Chronic venous ulcer treatment can be accomplished through a set of measures, among which scientific evidence appoints compressive therapies as the first treatment option(13); associated with simple (Vaseline, mineral oil, silver sulphadiazine and sugar) or more complex dressings (hydrogel, transparent film, activated carbon, Unna boot, among others), which did not reveal mutual differences in terms of treatment efficacy in a systematic review(14). Other co-adjuvant measures can be used, as research has been inconclusive so far, including Complex Physical Therapy (consists in a combination of manual lympathic drainage, elastic compression, muscular lymphokinetic exercises and skin care)(2), degravitation of the affected limb, non-topical pharmacological measures like systemic antibiotics therapy for infection control, surgical techniques that decrease relapses and, more recently, electro-thermotherapy(3,15-16).

Electro-thermotherapeutic resources started to be used in wound healing after the discovery of the endogenous production of electric fields in tissue injuries, resulting from the sodium channels in the membrane that permit internal sodium diffusion(17). Based on these concepts, studies show that MENS - Microcurrent Electric Neuromuscular Stimulation is conceived as a useful option to initiate, perpetuate and sustain the countless electrical and chemical events that occur in the healing process, besides enhancing local circulation and relieving pain(18-19).

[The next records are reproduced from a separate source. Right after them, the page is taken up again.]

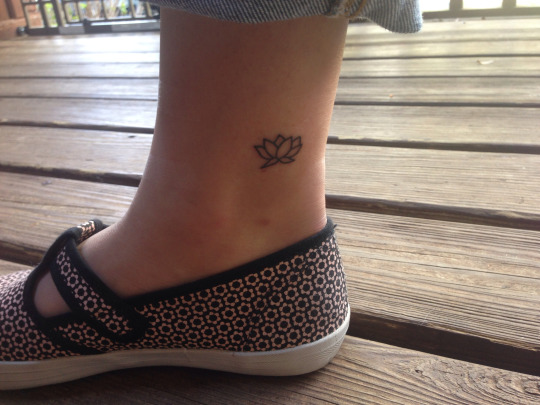 lotus-tattoos-are-best-designs-for-women-ankle.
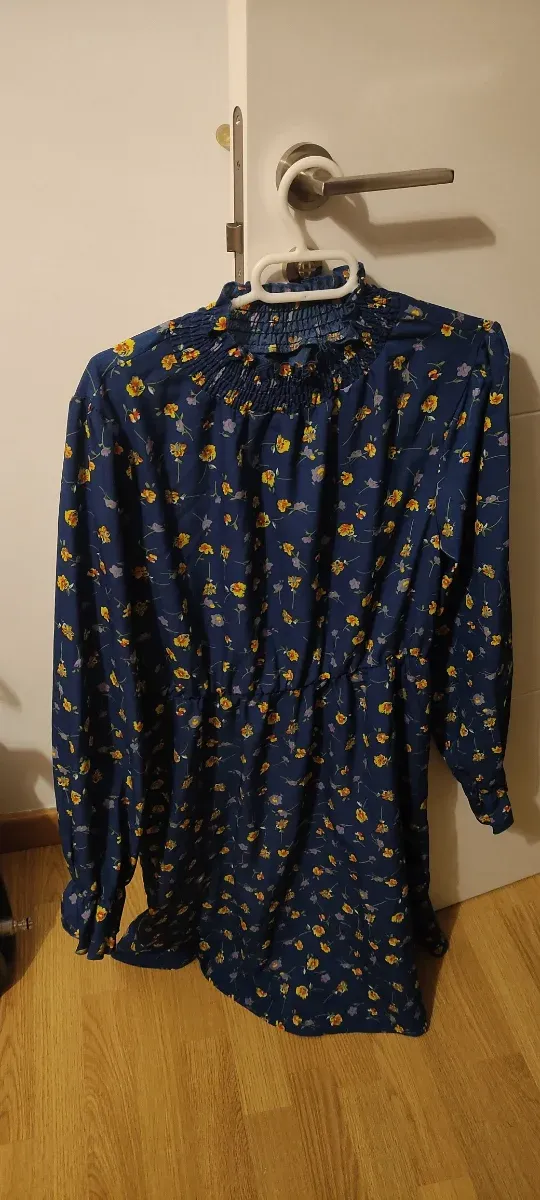 Vestido azul floral amarillo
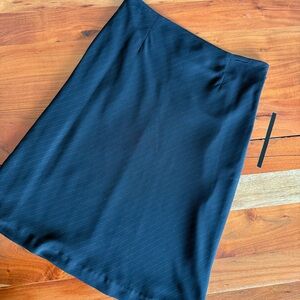 🦊 Larry Levine Elegant Black A-Line Skirt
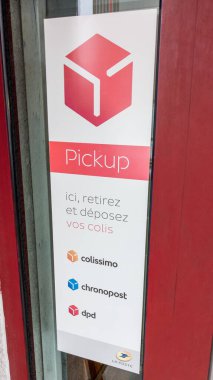 Montpellier, okült Fransa - 120 2021: DPD logo işareti ve Colissimo chronopost la poste French parsel dağıtım şirketinin marka metni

Nowadays, interest in the use of low-intensity current use like MENS is increasing, as its effects take place at the cell level (normalizing bioelectricity), and their application is sub-sensory (not associated with unpleasant feelings like in other currents, i.e. they are painless), besides the absence of collateral effect, low cost and easy application(17).

The physiological effects include: re-establishment of tissue bio-electricity with increased transportation through the plasma membrane, increased synthesis of adenosine triphosphate and transportation of amino acids, accelerated protein synthesis and stimulation of conjunctive tissue growth(20-22). Therefore, the microcurrent is considered an alternative for wound treatment with reparation difficulties, favoring devitalized tissue like pressure, diabetic, stasis and arterial ulcers(17). Despite this assertion, the role of microcurrent as a venous ulcer treatment alternative has not been defined yet. Also, it is questioned whether the use of such low amplitudes benefits wound healing.

This study is also justified by the fact that the microcurrent acts on the pain, because the ulcers cause important functional changes, deriving from the painful condition, mainly in people of productive age. This fact may distance them from work, aggravate their socioeconomic situation and even hamper their treatment access due to locomotion difficulties.

In view of the above, this research is developed to assess the effect of microcurrent electric neuromuscular stimulation on pain and the venous ulcer area.

Methods

This pilot study for a controlled clinical trial was accomplished at a Physiotherapy teaching clinic between February and November 2010. Approval for the study was obtained from the institution's Research Ethics Committee (No. 0002.0.301.000-10) and all subjects involved signed the Informed Consent Term.

Male and female individuals were selected, over 50 years of age, with a clinical diagnosis of venous ulcer in the lower limbs, sedentary, and under clinical treatment only based on simple dressings (general ulcer hygiene measures using saline solution and occlusive dressings using gauze) and lower limb degravitation.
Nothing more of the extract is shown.